Air PurifierAn air purifier intended to get rid of mould spores must have True HEPA filters (find out more about True HEPA filters here). A True HEPA filter traps the microscopic spores within the filter, preventing them from re-circulating in the air. When you run the filter long enough, the filtering system will reduce the spores concentration quite significantly, which in turn helps to improve your indoor air quality.

Additionally, the air purifier should also have a germicidal UV-light feature. While the True HEPA filter will trap the spores, it cannot kill them or stop their reproduction potential. That’s where the UV-light feature comes in handy. It makes the spores ‘impotent’ and diminishes the ability of mould to grow in your house.

Finally, a good air purifier should come with an activated carbon filter. It is not the presence of spores that is the only nuisance you have to deal with. The odour that accompanies mould growth is astonishingly repugnant. More often than not, the mould smell is the first thing we notice, before even seeing the mould. The activated carbon will get rid of the odour, leaving you with fresh air.

With that in mind, however, you need to note that even the best air purifier will not get rid of mould that is actively growing.
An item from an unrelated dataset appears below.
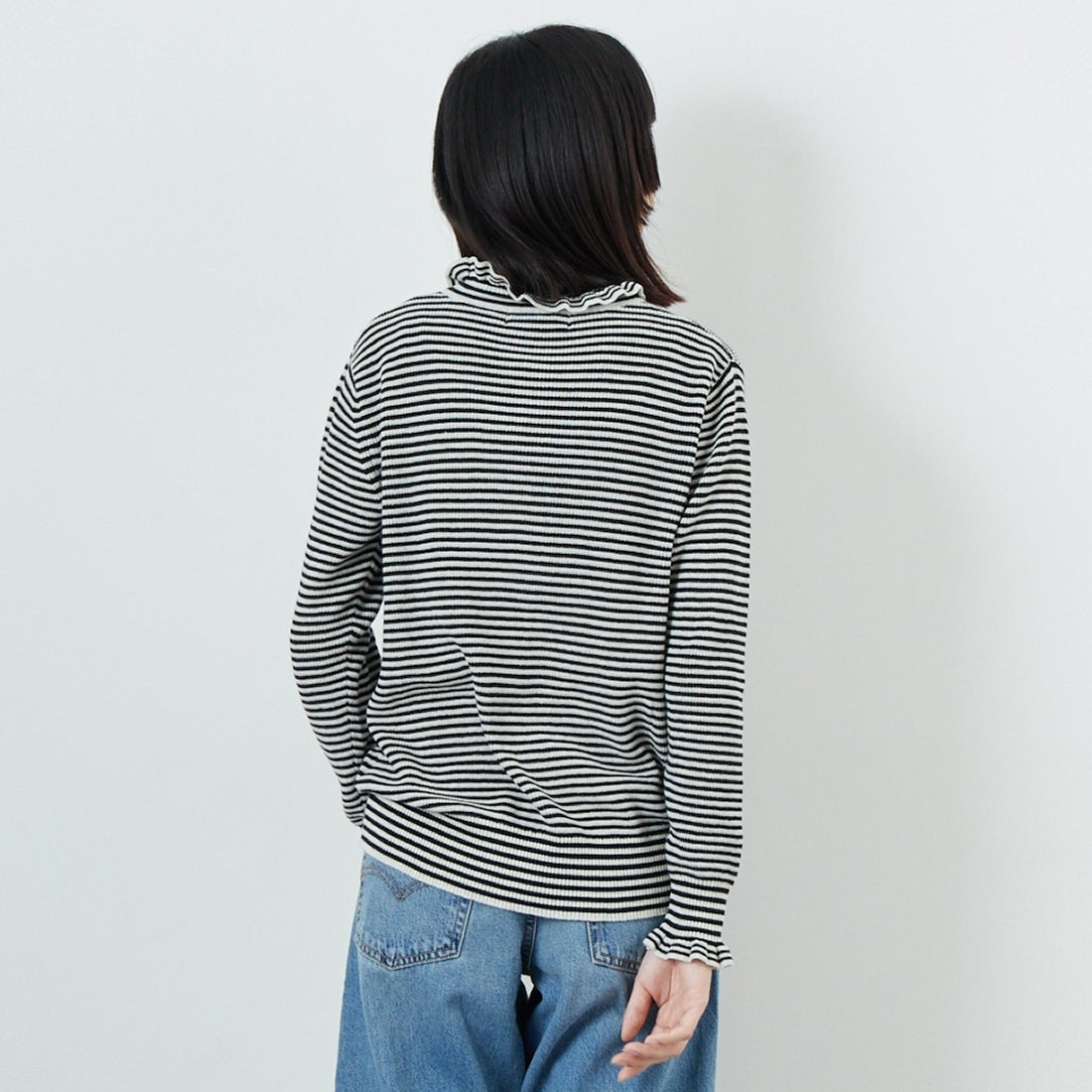 tumugu: [ツムグ] ランダムリブハイネックニット [TK19303B] 9L BORDER &&モデル身長：162cm 着用サイズ：F&&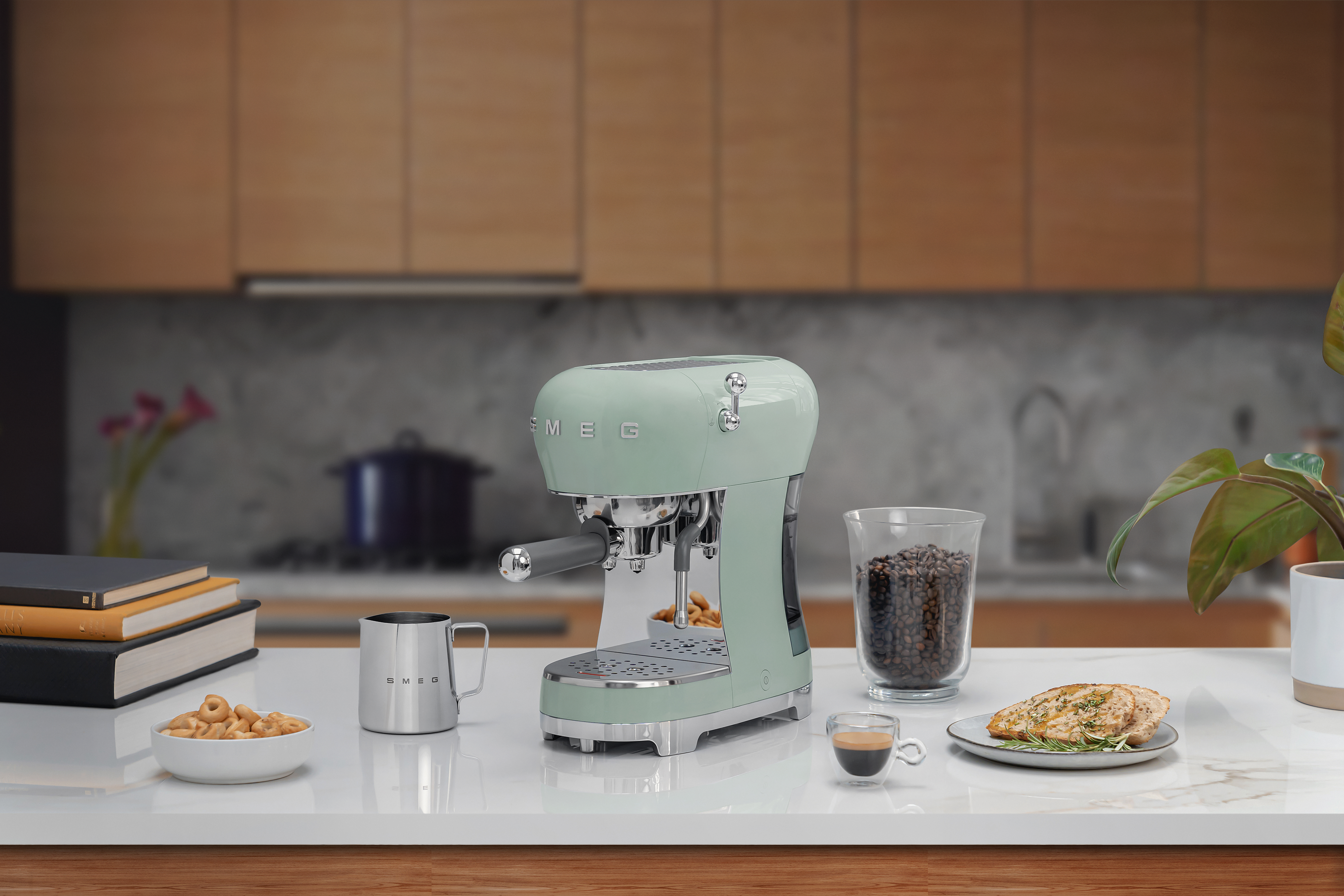 Espresso Kávovar Smeg ECF02PGEU pastel zelená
To stem mould growth, you need to fix the underlying issues in the first place for example, removing damp. This means you should get rid of the conducive conditions that allow mould to grow and thrive, i.e., the warm, damp, and dark environments.

A Final Word

There are no feasible means of keeping all mould spores away from your home. As soon as you open the door or the window to let some fresh air in, you give mould spores access to your home. The goal of air purifiers is to reduce the concentration of mould spores in the air as much as possible.

Installing a high-quality air purifier in your home will reduce the concentration of air spores in your indoor air. Importantly, an air purifier can kill the spores it traps, negating their ability to reproduce.